BANDERAZO DE SALIDA.- Los ingleses no se quiebran la cabeza para ponerle nombre a sus tabernas. Cerca de la Estación Paddington, donde yo vivía en Londres, hay bares y restaurantes que se llaman “Las Glorias de Paddington”, “La Corona de Paddington” , “Restaurant Paddington”, “Los Amigos de Paddington” y así hasta agotar el nombre... Por supuesto, no se llaman tabernas, sino pubs, que viene a ser lo mismo que cantinas o bares, y son lugares tranquilos para beber grandes vasos de cerveza, charlar de cosas intrascendentes, o sumirse en los recuerdos. Con ser los ingleses uno de los pueblos que más bebe cerveza y estar sólo atrás de los alemanes, nunca vi a un borracho impertinente. Si acaso alegre, pero siempre conservando la vertical y la ecuanimidad... Los vasos de cerveza que sirven en los pubs londinenses son grandes, y sorprende ver cómo los bebedores toman uno tras otro.
CURVA PELIGROSA.- Una tarde comí en el restaurante “Marbella”, cerca de Picadilly Circus. Es un restaurante español al que llegué después de una larga caminata por el centro de la ciudad... Un mesero andaluz me atendió, y puso casi enseguida frente a mí una botella de cerveza española “San Miguel”... Después me recomendó la sopa de tortuga o la de pescado, asegurándome que ambas estaban deliciosas.
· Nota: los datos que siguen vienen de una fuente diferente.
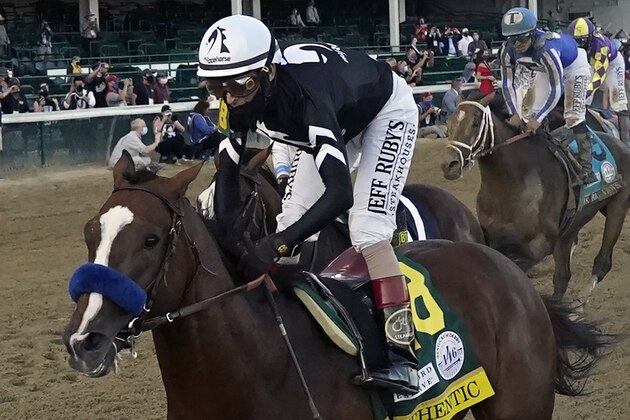 FILE - Jockey John Velazquez rides Authentic to win the 146th running of the Kentucky Derby at Churchill Downs, Saturday, Sept. 5, 2020, in Louisville, Ky. Belmont Stakes winner Tiz the Law won’t run in next month’s Preakness, spoiling what would have been a highly anticipated rematch with Kentucky Derby winner Authentic. The Preakness on Oct. 3 at Pimlico concludes this year’s reconfigured Triple Crown series, which was run out of order because of the coronavirus pandemic. (AP Photo/Jeff Roberson, File)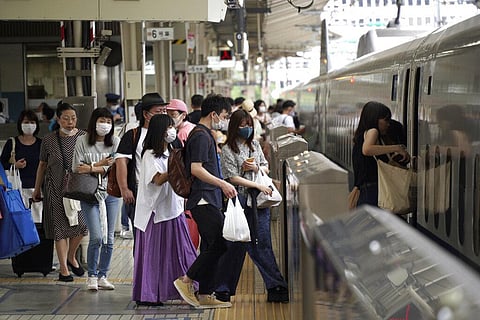 Passengers wearing face masks to help curb the spread of the coronavirus get on board a west-bound bullet train at Tokyo Station. (Photo | AP)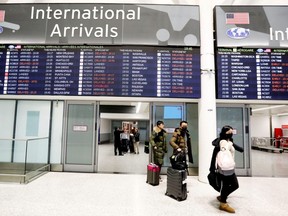 Travellers wear masks at Pearson airport arrivals, shortly after Toronto Public Health received notification of Canada's first presumptive confirmed case of coronavirus, in Toronto, Ontario, Canada January 25, 2020. REUTERS/Carlos Osorio ORG XMIT: GGG-TOR104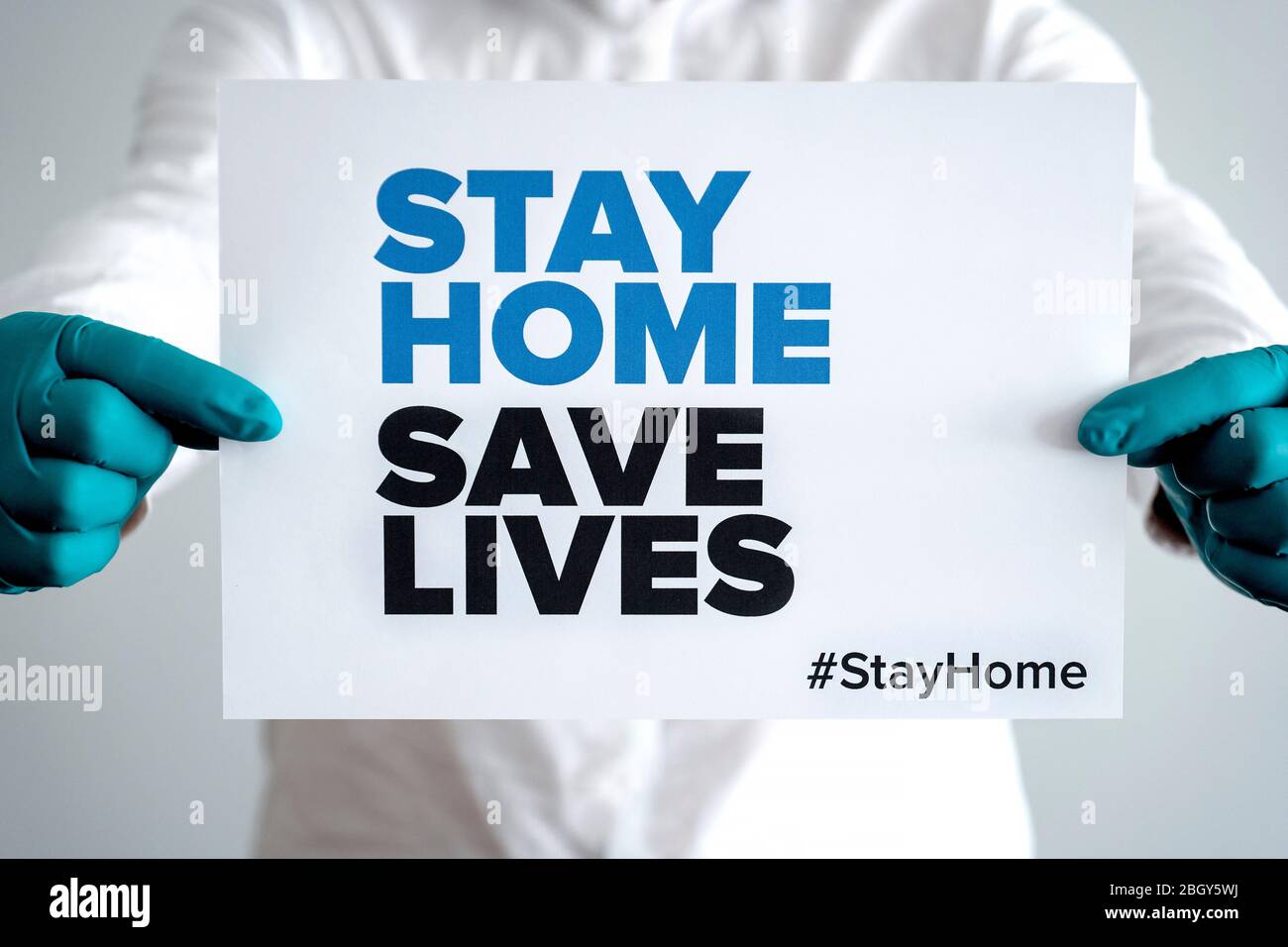 Doctor holding a sign saying 'Stay Home Save Lifes' global message for the coronavirus crisis. Quarantine message across the globe to fight COVID-19 Stock Photo
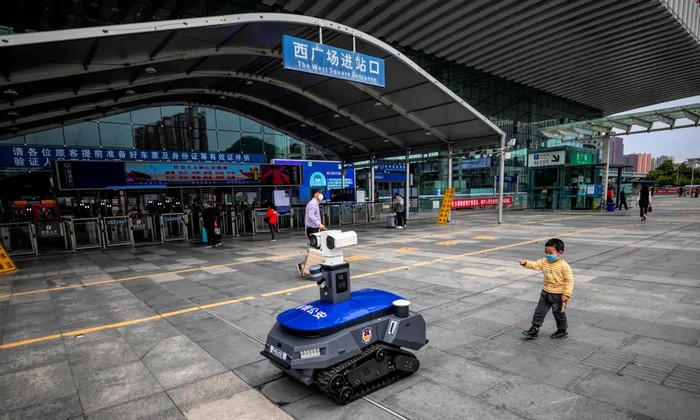 A police robot monitors compliance with anti-coronavirus rules in Shenzhen, China.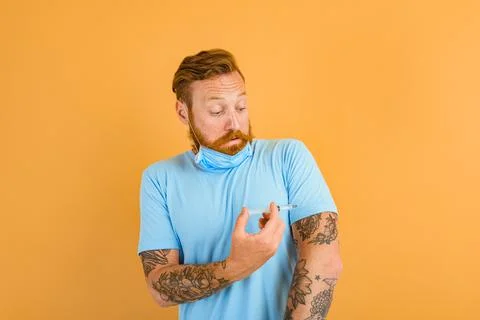 Afraid man with beard, tattoo and mask for covid-19 is ready for the virus Stock Photos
Pedí la de tortuga, haciéndole jurar al mesero que estaba tan buena como él decía. El andaluz lo juró solemnemente (hubiera jurado cualquier cosa), y al final resultó que la mentada sopa era un caldo oscuro que no sabía a nada, y menos a tortuga. Protesté ruidosamente ante aquel engaño, y el mesero medio amoscado me trajo entonces la sopa de pescado, jurándome también que estaba muy buena.
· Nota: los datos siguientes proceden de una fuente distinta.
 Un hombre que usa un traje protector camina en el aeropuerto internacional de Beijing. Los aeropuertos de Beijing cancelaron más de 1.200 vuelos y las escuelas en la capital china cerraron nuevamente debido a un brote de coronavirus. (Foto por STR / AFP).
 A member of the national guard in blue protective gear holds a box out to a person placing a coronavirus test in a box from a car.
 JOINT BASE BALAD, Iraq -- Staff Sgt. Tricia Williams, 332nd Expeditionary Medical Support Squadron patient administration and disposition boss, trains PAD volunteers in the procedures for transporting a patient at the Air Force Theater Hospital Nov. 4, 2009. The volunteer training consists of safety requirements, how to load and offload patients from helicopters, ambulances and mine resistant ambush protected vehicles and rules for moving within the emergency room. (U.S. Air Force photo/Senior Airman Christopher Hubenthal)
RECTA FINAL.- El cambio fue notable: la sopa de pescado era una delicia, algo celestial. El mesero sonrió triunfalmente al ver mi arrobamiento en cada cucharada, y enseguida me trajo las costillas de carnero en salsa de ciruela, que yo había escogido sin la sugestión del andaluz... ¡Señores!: Nunca he vuelto a comer costillas de carnero semejantes a aquéllas... Creo que el propio cocinero del rey de España las cocinó aquel día en el “Marbella”, porque aquel guiso era digno de un rey. Eran tan buenas aquellas doraditas y suaves costillitas de carnero que, lo confieso sin pena, pedí más pan para no dejar en el plato ni rastro de la exquisita salsa que lo acompañaba... De postre pedí pastel de queso y piña, cubierto de crema Chantilly, cuyo sabor aún recuerdo, y después un café exactamente en su punto. Así que, cuando vayan a Londres, no dejen de ir al “Marbella”, cuya dirección debe estar en el directorio telefónico, y pidan todo lo que quieran, menos la sopa de tortuga.
META.- La tarde era fría, triste y gris, y la chica inglesa que había subido al autobús se sentó en el asiento paralelo al mío, pasillo de por medio. Tenía el rostro bello, cabello castaño y un perfil perfecto. No creo que tuviera más de veinte años de edad, y su figura era grácil y firme... Pensé que era oficinista, o estudiante, hasta que comenzó a hojear una revista de ballet. Entonces me incliné para ver sus tobillos, que eran firmes y fuertes. Pensé que debía ser una exquisita ballerina y que un día llegaría a ser famosa. Pensé muchas cosas más mientras el autobús se iba llenando poco a poco de pasajeros... Aquella extraña y delicada criatura estaba allí, tan cerca y tan lejos de mí. Tan bella e inalcanzable. Volví la cabeza hacia el exterior del autobús para no verla abandonar el vehículo, unas calles adelante.